Black Sheep is a 1935 American drama film directed by Allan Dwan and starring Edmund Lowe, Claire Trevor, and Tom Brown.

The film's sets were designed by the art director Duncan Cramer.

Plot
Aboard a luxury liner, gambler John Francis Dugan makes the acquaintance of socialite Jeanette Foster, who has a reputation for using men to get her way. Jeanette cajoles him into sneaking her into First Class, where they see young Fred Curtis lose $12,000 at poker to a couple of oilmen, Belcher and Schmelling.
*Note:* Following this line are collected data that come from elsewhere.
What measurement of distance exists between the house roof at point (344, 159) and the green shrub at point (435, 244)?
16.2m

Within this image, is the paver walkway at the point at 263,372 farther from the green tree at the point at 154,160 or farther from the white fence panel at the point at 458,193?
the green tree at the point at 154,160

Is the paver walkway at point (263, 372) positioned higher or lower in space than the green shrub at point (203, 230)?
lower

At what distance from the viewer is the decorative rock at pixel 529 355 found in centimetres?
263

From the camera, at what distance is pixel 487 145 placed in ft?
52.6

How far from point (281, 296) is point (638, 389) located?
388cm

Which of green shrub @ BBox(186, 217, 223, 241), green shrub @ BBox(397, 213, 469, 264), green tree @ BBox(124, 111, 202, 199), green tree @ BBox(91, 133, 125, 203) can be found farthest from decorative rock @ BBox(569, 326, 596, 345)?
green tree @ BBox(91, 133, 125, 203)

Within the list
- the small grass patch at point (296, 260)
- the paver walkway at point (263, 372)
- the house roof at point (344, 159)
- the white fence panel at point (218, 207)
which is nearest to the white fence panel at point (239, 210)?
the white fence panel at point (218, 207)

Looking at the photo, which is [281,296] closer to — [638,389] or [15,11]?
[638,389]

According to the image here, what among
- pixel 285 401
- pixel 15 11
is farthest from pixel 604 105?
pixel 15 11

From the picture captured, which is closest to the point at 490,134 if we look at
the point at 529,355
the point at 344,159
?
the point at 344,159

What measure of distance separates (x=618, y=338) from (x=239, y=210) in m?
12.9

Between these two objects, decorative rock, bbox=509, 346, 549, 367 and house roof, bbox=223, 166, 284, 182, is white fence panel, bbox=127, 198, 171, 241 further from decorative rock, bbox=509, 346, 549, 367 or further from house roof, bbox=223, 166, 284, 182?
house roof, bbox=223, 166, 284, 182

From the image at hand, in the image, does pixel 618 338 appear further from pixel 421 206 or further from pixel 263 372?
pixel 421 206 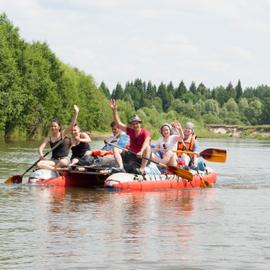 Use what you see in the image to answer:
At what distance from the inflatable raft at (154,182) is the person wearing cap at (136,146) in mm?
330

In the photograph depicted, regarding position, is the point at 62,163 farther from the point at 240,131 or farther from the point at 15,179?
the point at 240,131

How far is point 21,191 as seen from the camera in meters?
19.1

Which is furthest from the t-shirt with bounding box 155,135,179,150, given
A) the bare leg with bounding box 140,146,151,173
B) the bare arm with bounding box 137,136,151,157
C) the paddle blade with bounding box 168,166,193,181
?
the bare arm with bounding box 137,136,151,157

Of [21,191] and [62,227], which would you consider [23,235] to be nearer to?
[62,227]

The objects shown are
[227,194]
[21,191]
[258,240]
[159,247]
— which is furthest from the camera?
[227,194]

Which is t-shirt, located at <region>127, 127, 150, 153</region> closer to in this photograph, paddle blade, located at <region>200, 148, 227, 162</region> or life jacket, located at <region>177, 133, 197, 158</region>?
life jacket, located at <region>177, 133, 197, 158</region>

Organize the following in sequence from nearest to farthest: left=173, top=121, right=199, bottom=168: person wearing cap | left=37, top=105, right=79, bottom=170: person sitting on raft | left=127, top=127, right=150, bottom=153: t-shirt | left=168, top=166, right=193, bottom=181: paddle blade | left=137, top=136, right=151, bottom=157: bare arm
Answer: left=137, top=136, right=151, bottom=157: bare arm
left=127, top=127, right=150, bottom=153: t-shirt
left=37, top=105, right=79, bottom=170: person sitting on raft
left=168, top=166, right=193, bottom=181: paddle blade
left=173, top=121, right=199, bottom=168: person wearing cap

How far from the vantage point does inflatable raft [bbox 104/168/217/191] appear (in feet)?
64.3

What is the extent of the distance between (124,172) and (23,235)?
782cm

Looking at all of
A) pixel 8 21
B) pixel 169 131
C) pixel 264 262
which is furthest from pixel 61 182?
pixel 8 21

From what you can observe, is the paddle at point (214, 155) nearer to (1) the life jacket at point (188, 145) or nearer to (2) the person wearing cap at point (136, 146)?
(1) the life jacket at point (188, 145)

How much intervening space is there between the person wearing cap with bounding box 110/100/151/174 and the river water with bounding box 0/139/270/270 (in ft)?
3.08

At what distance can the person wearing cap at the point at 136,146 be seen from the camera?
65.9 feet

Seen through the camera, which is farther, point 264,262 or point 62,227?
point 62,227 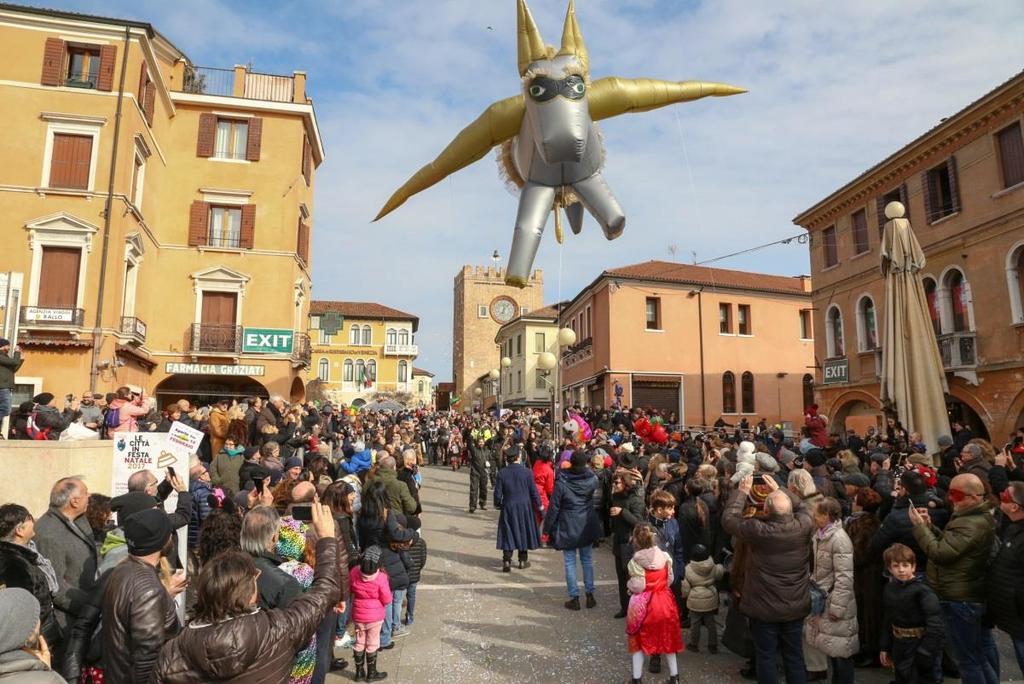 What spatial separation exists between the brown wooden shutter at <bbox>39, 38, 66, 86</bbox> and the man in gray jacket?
2282 centimetres

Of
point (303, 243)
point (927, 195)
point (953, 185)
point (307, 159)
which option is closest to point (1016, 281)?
point (953, 185)

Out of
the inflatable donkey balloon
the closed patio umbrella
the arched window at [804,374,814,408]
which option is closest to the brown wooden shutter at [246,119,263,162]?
the inflatable donkey balloon

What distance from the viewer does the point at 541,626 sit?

Fred's troubles grow worse when the haughty Millicent Bath has his markers and threatens to tell the police unless he helps her at Customs, sneaking some valuable pearls into the country that she ha stolen. Fred is so forlorn that he considers jumping overboard, until Jeanette stops him.

Dugan decides to help. He wins back Fred's debts at cards. When they return to Fred's stateroom, Dugan spots a photo of Fred's deceased mother and is shocked to discover that she was his ex-wife. Fred is his long-lost son.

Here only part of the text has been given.